To do
The listing is to be reproduced exactly, excluding its pictures.

Data below
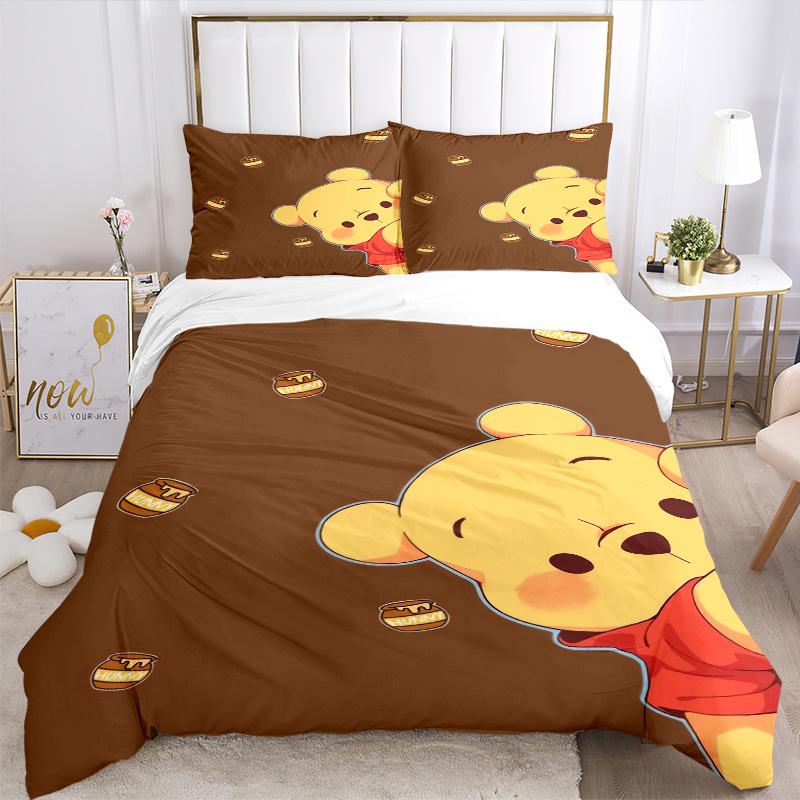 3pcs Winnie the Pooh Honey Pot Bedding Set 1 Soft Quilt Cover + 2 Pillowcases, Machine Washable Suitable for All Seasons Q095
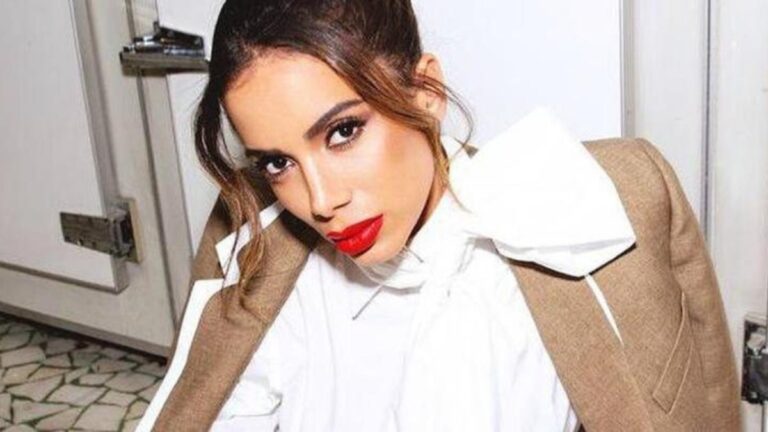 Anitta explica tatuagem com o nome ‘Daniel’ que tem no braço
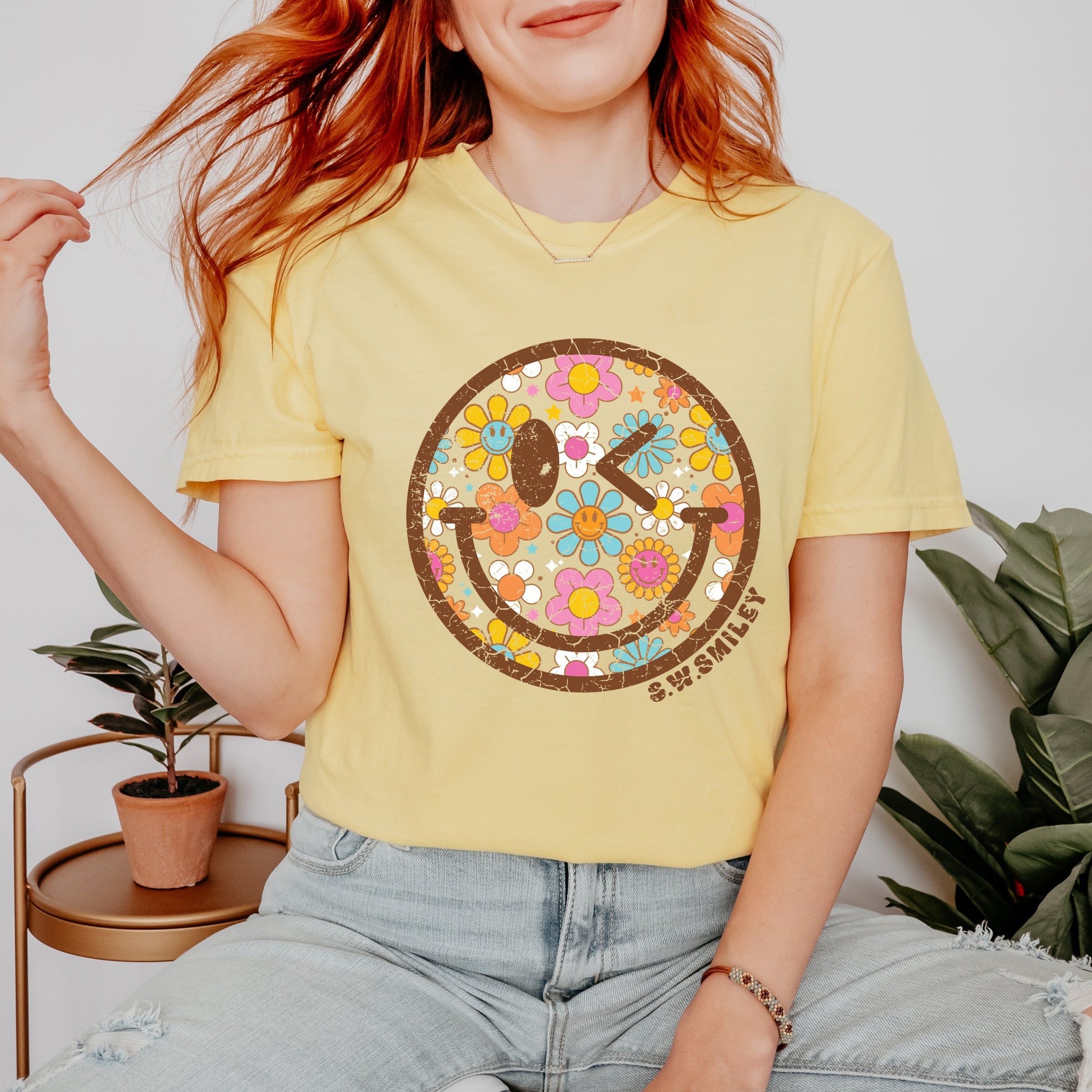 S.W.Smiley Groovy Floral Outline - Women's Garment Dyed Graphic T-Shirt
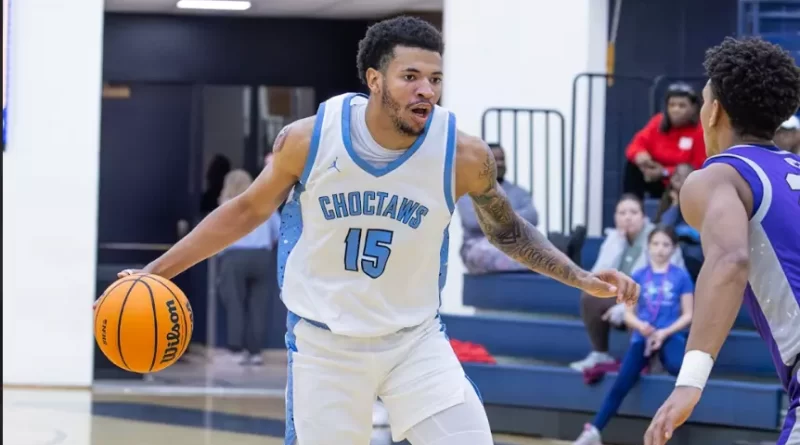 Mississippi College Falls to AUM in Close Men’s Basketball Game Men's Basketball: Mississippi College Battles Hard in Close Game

Result below
 3pcs Winnie the Pooh Honey Pot Bedding Set 1 Soft Quilt Cover + 2 Pillowcases, Machine Washable Suitable for All Seasons Q095
 Anitta explica tatuagem com o nome ‘Daniel’ que tem no braço
 S.W.Smiley Groovy Floral Outline - Women's Garment Dyed Graphic T-Shirt
 Mississippi College Falls to AUM in Close Men’s Basketball Game Men's Basketball: Mississippi College Battles Hard in Close Game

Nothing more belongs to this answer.